Молодой русский офицер Александр Чичерин, вступив в ноябре 1812 г. со своим полком в одну из губерний Бело­руссии, с удивлением отметил, что жители этой губернии не разорены. Они добровольно все предоставили францу­зам, устроили для них магазины фуража и продовольствия и большею частью сохранили свои дома и скот». ...«Жад­ные и корыстные помещики, — записывал А.В. Чичерин 2 ноября 1812 г. в своем дневнике, — остались в своих владениях, чтобы избежать полного разорения, и, волей-неволей содействуя замыслам неприятеля, открыли ему свои амбары; проливая неискренние слезы и рассуждая о патриотизме, они верности отечеству предпочли удовлет­ворение своего корыстолюбия» [134] .

Это оказалось эффективным в той же степени, что и со­хранение колхозов нацистами в 1941 году. Для того чтобы война стала гражданской для народов СССР, необходимо было распустить колхозы. Но для снабжения вермахта было выгоднее, чтобы колхозы оставались.

Так и здесь — сиюминутные интересы возобладали над стратегией. Французам было удобнее создать слой людей, которые были бы просто вынуждены снабжать их армию. Помещиков не нужно было репрессировать: достаточно было бы их перестать защищать, и их немедленно пере­били бы партизаны.

Несостоявшийся якобинец

Есть много таинственного в кампании 1812 года. Какая-то цепь несчастий обрушилась на Наполеона, какая-то особенная мера невезения. Но и собственные решения Наполеона, мягко говоря, не лучшие. Граф Лев Толстой высмеивает историков, которые объясняли пора­жение Под Бородином насморком Наполеона: якобы про­студился и потому плохо, хуже обычного, командовал. Вот был бы здоров!!!

Но были решения намного более фатальные и важные, чем принимаемые в ходе любого, даже самого судьбонос­ного, сражения. Стоя в Вильно и в Витебске, он сначала дает и тут же отнимает волю у крестьян Великого княже­ства Литовского. Отнимает — хотя у крестьян Польши и Германии не отнимал. Тем более он не дает воли ВСЕМУ крестьянству Российской империи.
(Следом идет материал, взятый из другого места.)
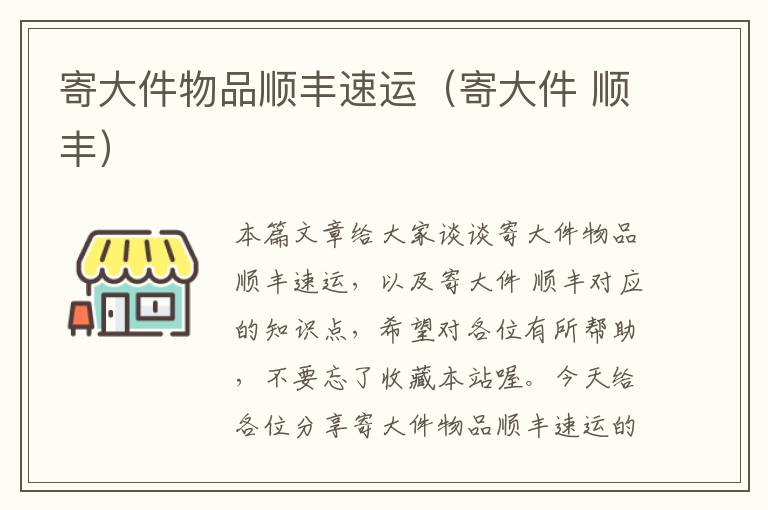 寄大件物品顺丰速运（寄大件 顺丰）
Много позднее, уже в своей последней ссылке на остро­ве Св. Елены, Наполеон очень сокрушался, что не довел до конца свой план, выработанный накануне кампании 12-го года: замысел дать «волю» всем крепостным России. Свое­му лечащему врачу О 'Меара он в 1817 г. заявил: «Я провоз­гласил бы свободу всех крепостных в России и уничтожил бы крепостнические права и привилегии дворянства. Это создало бы мне массу приверженцев».

Несомненно! Обязательно создало бы. В апреле 1812 г. московские городовые занимались своеобразным делом: соскабливали со стен и ворот нескольких домов сделан­ную масляной краской надпись: «Вольность! Вольность! Скоро будет всем вольность!» Полиция проводит дозна­ние и в конце концов арестовывает двух дворовых людей. Звали их Петр Иванов и Афанасий Медведев. Они начита­лись французских прокламаций и уверяли: «Скоро Москву возьмут французы... Скоро будут все вольные, а помещи­ки же будут на жалованье...»

Стоило Наполеону издать «Манифест о воле», и таких энтузиастов было бы не 2 человека, а как бы не все 20 ты­сяч (впрочем, мы ведь не знаем, всех ли смутьянов взяла полиция. Могло быть и многолюдное подполье). Такой ма­нифест поставил бы русский народ в еще более сложное положение, чем немцев, испанцев и итальянцев: между свободой и патриотизмом. Почему в «еще более сложное»? Потому что нигде крепостное право не было настолько жестоким и страшным. Потому что нигде больше народ не распадался на бородатых туземцев и бритых европейцев, которые сидели у туземцев на шее и мордовали их, как хотели.